Lembro-me também do brilho nos nossos olhos quando falávamos sobre o Waking Life, concretamente da vontade que tínhamos em celebrar a vida debaixo do sol no Crato. Da vontade de voltar a ouvir um DJ como o Moodymann a abraçar-nos em pleno no Elétrico, ou até de apanhar Beck e FKA Twigs no mesmo dia de Octo Octa b2b Eris Drew, Josey Rebelle ou do “nosso” Arrogance Arrogance no Parque da Cidade do Porto, no Primavera Sound.
É que, como se não bastasse, têm morrido nomes tão importantes – como Florian Schneider, Mike Huckaby, Tony Allen – e nós sem oportunidade de ouvir um DJ (ou até uma banda) a prestar tributo a estes génios.
Muitos agentes da nossa cultura têm feito esforços por levar até nossas casas um pouco da mística que sentimos quando estamos juntos numa pista.
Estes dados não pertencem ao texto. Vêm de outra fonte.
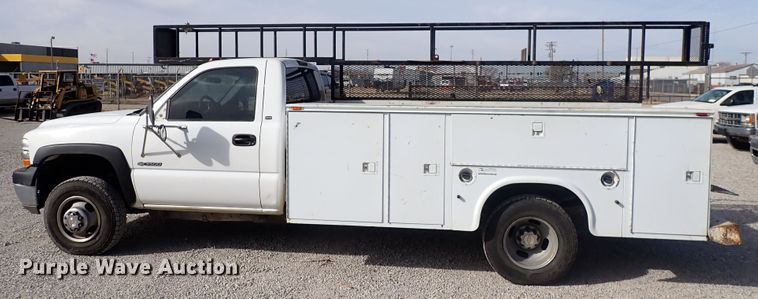 image for item DC4076 2002 Chevrolet Silverado 3500  utility bed pickup truck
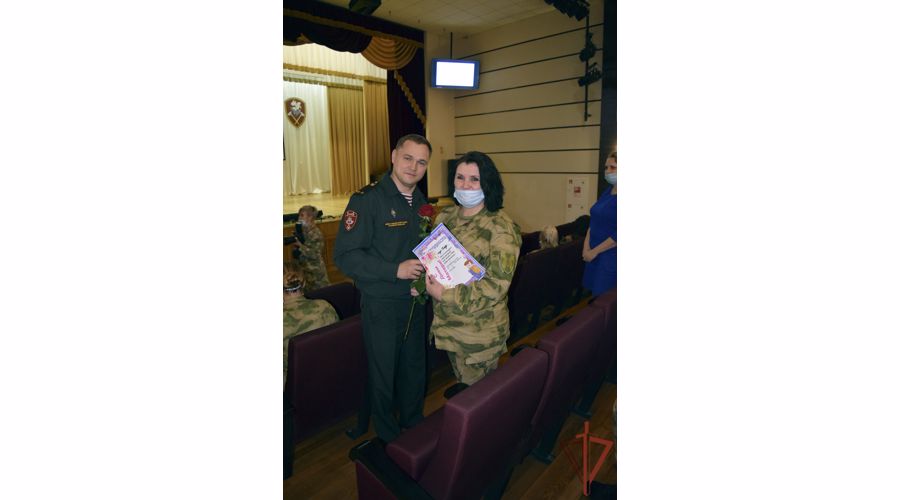 В Нижнем Новгороде военнослужащие Росгвардии поздравили женщин с Днём матери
Até se consegue, de certa forma, estimular o sentido de comunidade, mas não é a mesma coisa. Falta o abraço do amigo demasiado ébrio, as palavras do amigo chato que não sabe simplesmente ouvir a música, o encontrão que enche a camisola de cerveja. Falta o lado humano destas aventuras, lado esse que é, a par da música, o mais importante numa festa.
Falta o sistema de som límpido, com as vibrações a transformarem os nossos corpos em vassalos de algo muito maior do que o nosso ego. Tenho pensado na importância de dançar como um idiota e vive em mim a sensação de que nunca aproveitei ao máximo a dança ao lado dos meus. É certo que aproveitei, mas, com a falta desses momentos tão ternurentos, é a sensação que paira por aqui, no isolamento de minha casa.
Há um sentimento comum quando se está numa pista, seja de um clube grande ou pequeno, de um festival grande ou pequeno, de uma festa privada grande ou pequena. Há a união, a comunhão entre todos e entre todos e a música. Portanto, casas, promotores e outros agentes de cultura até podem prometer mundos e fundos, mas nós – público, ouvintes, espectadores – no fundo, só queremos uma coisa: amar na pista de dança.